Not that one always needs a guru and a group to get busy with Sadhana – but it helps.  Pitfalls to Sadhana without a guru include increased ego and loss of motivation (over the long haul).  All this spiritual practice can get frustrating and exhausting without support.  Is it any wonder so many people prefer a trip to Ikea on Sunday or a football game, over seeking spiritual enlightenment?  But does the new Swedish love seat or the thrill of grid action get you UNION WITH THE DIVINE?  Who knows.  I’m going the route of Thoreau – living in radical simplicity, sucking the marrow, composting like mad.  Let’s see what happens.
Planting a 'Butterfly Garden' at Sadhana Forest, January 2010

Watering with my fellow Sadhus, the children of  Sadhana Forest


Fruit and Faith (after a grueling plane ordeal)

Eating fruit in Frankfurt.  Healthier than a wiener.  And more sustainable!  I think.  Not sure.  

I did that the last time (ate a wiener) I had a layover in Frankfurt on the way to India and it came out to be 20 bucks for a skinny tasteless tube of meat on top of some warm potato salad.  The waiter told me in a heavy German accent that is just how it was done in Frankfurt.  My true blue frankfurter dreams were dashed.  Never again, I swore.  So, I'm going with fruit today.

I wonder when the environmentalist activist, anti-agro-industry food, documentarians are going to come out with THE TRUTH ABOUT WURST movie. Someone needs to do it.  The modern pork industry is a nightmare and, yet, these Germans cling to it so fervently.

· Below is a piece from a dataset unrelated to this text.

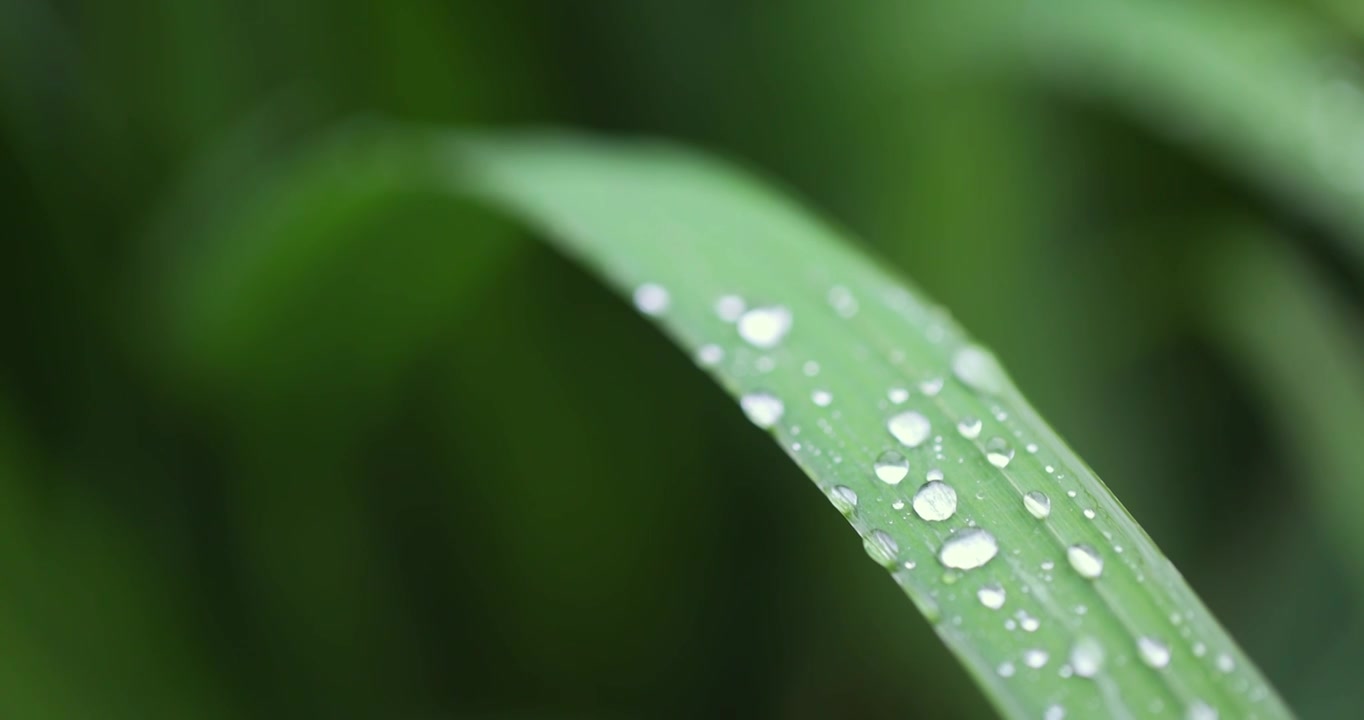 下雨天挂着水珠的绿叶清新唯美视频素材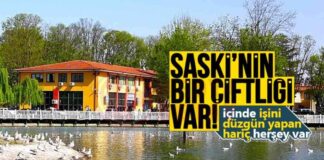 SASKİ Çiftliği ve Tarım Projesi: Detaylar ve Gelişmeler news-12112024-094323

It is 3 in the morning here and I didn’t sleep at all on the 7 hour flight thanks to screaming Indian babies (many of them) and the worst turbulence, EVER.  Really, it was unreal. And now, I’m so exhausted.  Hence, I’m offering myself solace with something fruity and creamy and rich.  Yes, I know, this isn’t vegan but I’m not at the ashram yet.  Still, I’m feeling a little guilty about my non-vegan choices here at the, charmingly named, Goethe Cafe.  I am rationalizing this, perhaps as the philosopher himself would = I survived hell, I have a 6 and a half hour layover, and hence, I have earned ice cream.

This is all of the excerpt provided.